Eppure, superata l'analogia cromatica che avvicina le lattiginose
distese lagunari alla nitida geometria con cui regolari lingue di terra
delimitano l'omogeneo azzurro digradare delle piatte acque di
decantazione, si intuisce un legame più profondo fra questi due piccoli
olii dalle uguali dimensioni: "Barene in laguna" e "…in cilium
lagunae", pur non rappresentando lo stesso luogo, divengono
rispettivamente il prima e il dopo di un territorio il cui originario
aspetto, ancora visibile nelle salmastre superfici lagunari, è andato
perduto nei massicci interventi di un intero secolo di bonifiche a cui
non si è potuto sottrarre nemmeno l'antico borgo ciliense (dal latino
"cilium", "margine"), un tempo confine ultimo fra terraferma e laguna.

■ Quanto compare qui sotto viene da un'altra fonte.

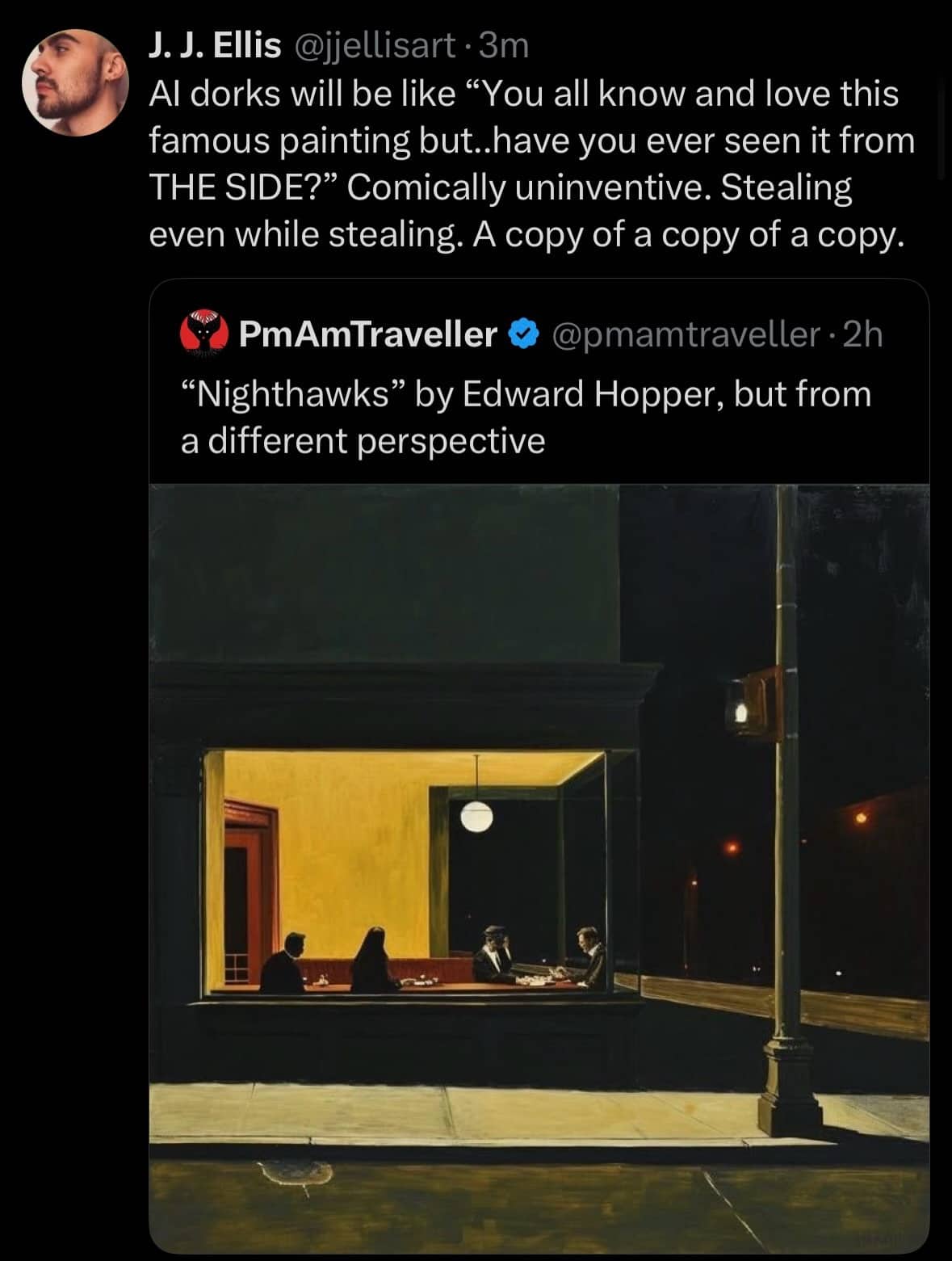 Tweet criticizing AI generated versions of Edward Hopper's classic painting titled Nighthawks from different perspectives.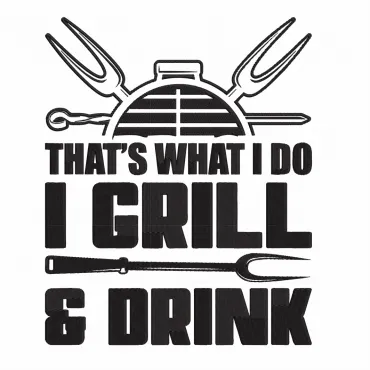 Design Șorț Brodat Text Grill & Drink Cadou Special Femei Bărbați Bucătar Bucătărie Grill Barbeque Petrecere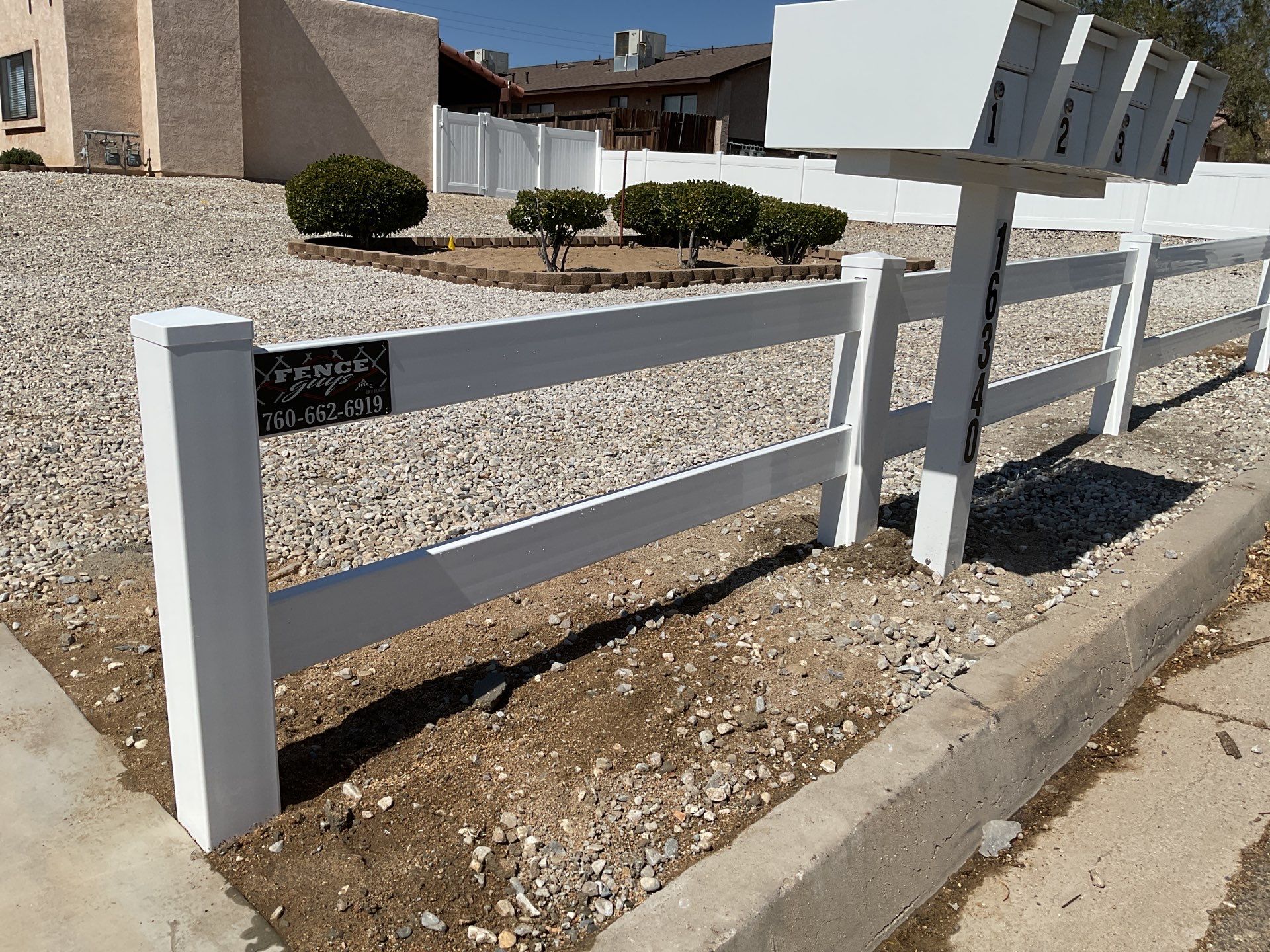 4' and 6' Privacy Vinyl with 2-Rail Ranch Style Vinyl Fence by Fence Guys Inc.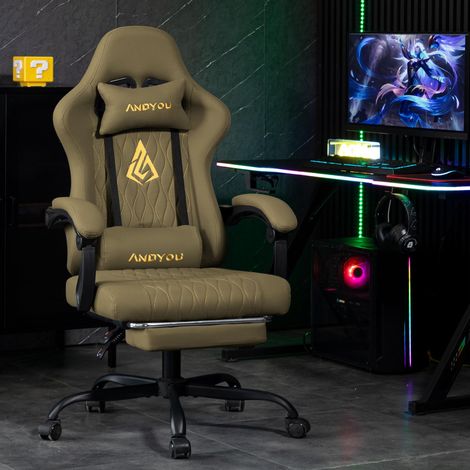 Fauteuil de jeu ANDYOU Series avec repose-pieds – Fauteuil de bureau ergonomique en cuir PU, VERT Fauteuil de jeu ANDYOU Series avec repose-pieds – Fauteuil de bureau ergonomique en cuir PU, VERT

Cosicché riscopriamo nello stanco zuccherificio che ancora sorveglia
questi luoghi familiari, nell'abbandonata, ma ancora maestosa
architettura del Donegal, nei melodici sussurri con cui le cangianti
acque del Piavon bisbigliano la storia di una terra che ha saputo
rinnovarsi, pur conservando la propria identità, la magia di una
sconosciuta quotidianità.
E' il passato a rivivere nella contingente realtà del nostro presente,
attraverso le profonde radici che ci legano a questi immensi spazi:
reali e immaginari.
E il percepirli è un tuffo al cuore.